Harvey- Whoa! Sabrina, aren’t you afraid if you keep studying for this brainbusters competition your whole heads gonna explode?

Sabrina- I just don’t want to embarrass myself on Saturday in front of the entire school.

Harvey- Huh, it must be a horrible feeling to look like an idiot in front of an auditorium full o’ people.

Well that sure made Sabrina feel better about it and Harvey realises.

Harvey- (Cont.) Not that that would happen.

Valerie comes over to them in her cheerleaders uniform carrying a tray of delicacies.

Valerie- Cheese-puff?

Sabrina- Oh I’d love one, are they hiding underneath those things?

Valerie- These are my contributions to my first cheerleader bake-sale and nobody's buying ‘em.

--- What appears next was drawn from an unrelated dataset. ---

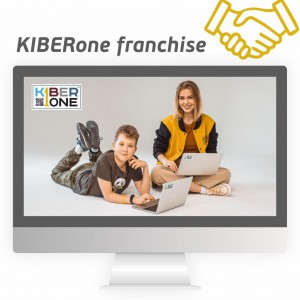 Франшиза KIBERone — в списке лучших по итогам 2019 года - Школа программирования для детей, компьютерные курсы для школьников, начинающих и подростков - KIBERone г. Артём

Libby wanders over with a nearly empty tray of goodies.

Libby- Come on Birkhead, move some merchandise or you’ll be spit-shining my pom-poms.

She moves on.

Harvey- Ooh! Are they supposed to smell like feet?

Valerie- You smell it too? Help?

Sabrina- It’s all in the marketing.

She takes the tray from her friend and turns to the student thronged hallway.

Sabrina- (Cont.) Here! Have a cheese-puff, it’ll freshen your breath, whiten your teeth and clear up your acne.

The advertising standards people might take issue on her boasts but it works as half a dozen of the savouries disappear from the tray.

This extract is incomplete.